= Pan Melanesian Congress =

Papua New Guinean political party

The Pan Melanesian Congress was a political party in Papua New Guinea.

It was established in late 2001 by Karimui-Nomane MP Simeon Wai, with Wai as parliamentary leader, Privatization Commission chairman and former MP Ben Micah as party president, and future MP Nixon Duban as president of its student wing. It was immediately brought into Cabinet in advance of the 2002 election, with Wai promoted to Minister for Agriculture and Livestock by Prime Minister Mekere Morauta.

The party sought "full political, economic and social integration of the Melanesian nations by the year 2025", with a Melanesian federation along the lines of the European Union, with "a common currency, a Melanesian parliament and common policies on environment protection, resource development, foreign affairs, security and defence". It complained about a lack of visible development in Western Province and West Sepik Province. Middle Fly MP Bitan Kuok also stood for re-election in 2002 as a PMC candidate, while Micah resigned from the Privatization Commission in order to nominate as a candidate.
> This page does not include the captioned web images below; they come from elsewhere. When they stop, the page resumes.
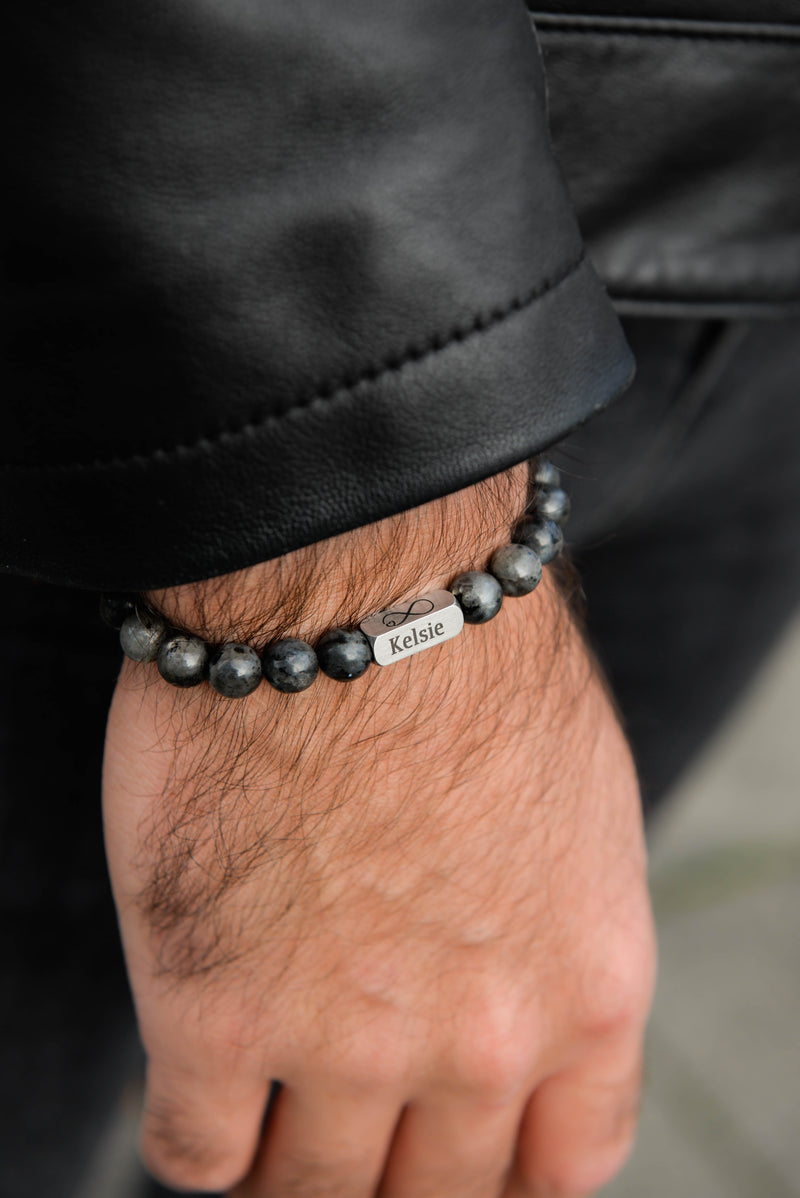 Men's lava stone and larvikite bracelet with leather jacket lifestyl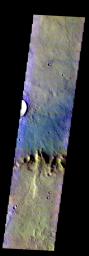 The THEMIS VIS camera contains 5 filters. The data from different filters can be combined in multiple ways to create a false color image. This image from NASA's 2001 Mars Odyssey spacecraft shows part of the crater rim and floor of Flaugergues Crater.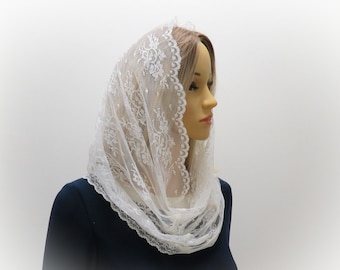 May include: A white lace veil with a floral pattern. The veil is draped over a mannequin's head and shoulders, showcasing its delicate design and scalloped edges. The fabric appears soft and lightweight, suitable for special occasions.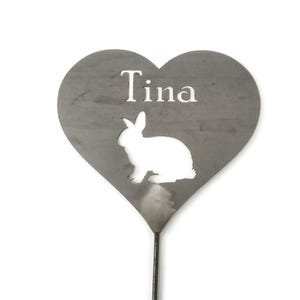 May include: A heart-shaped metal garden stake with the name "Tina" cut out at the top. A white silhouette of a rabbit is cut out below the name. The stake is gray and has a dark metal rod.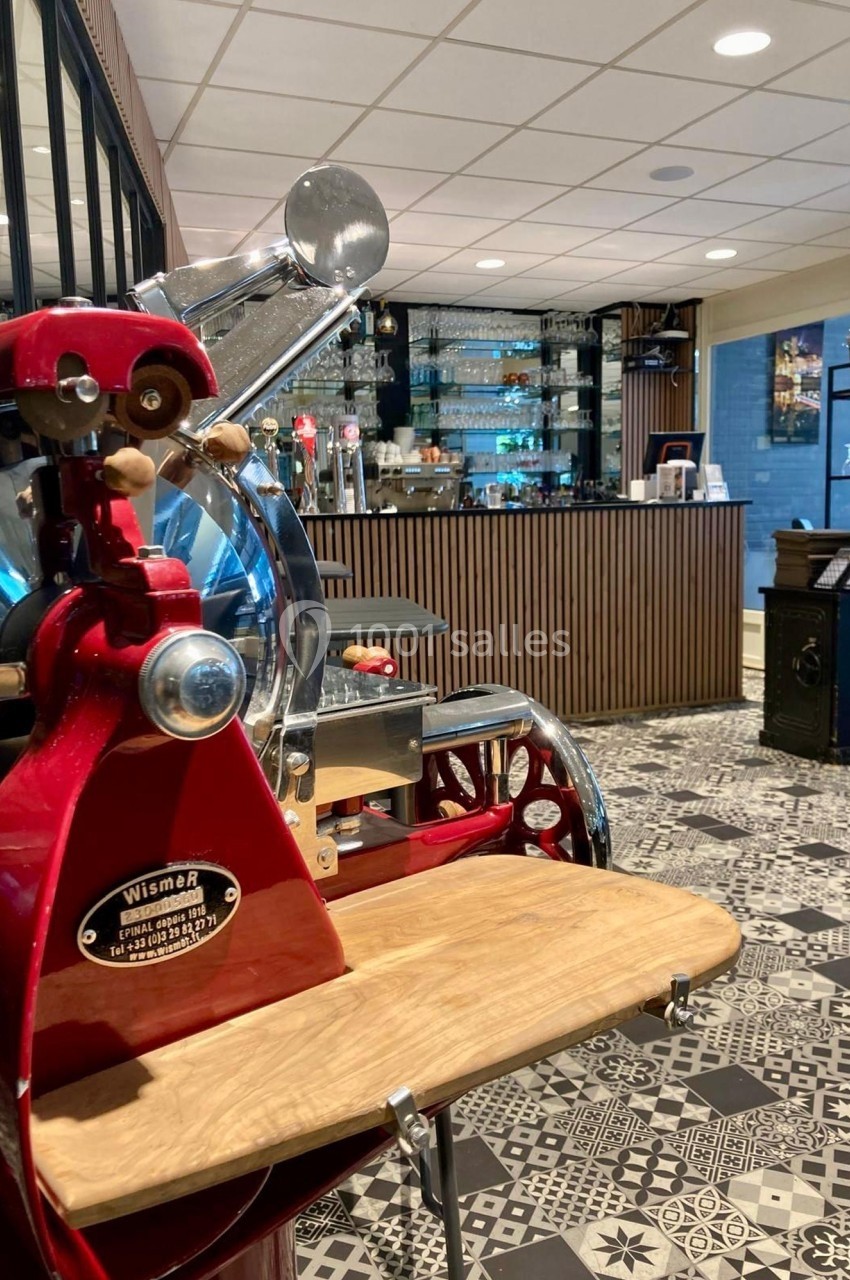 Trancheuse rouge vintage en premier plan, avec un bar moderne et des étagères de verres en arrière-plan.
The party won two seats at the 2002 election: David Sui in Kandrian-Gloucester Open and Gallus Yumbui in Wosera Gawi Open. Little was reported of the party again after the post-election negotiations, and in February 2006 it was reported to have merged into People's National Congress. It still remained on the list of registered parties for the 2012 election, which it did not contest, and was formally deregistered in August 2015.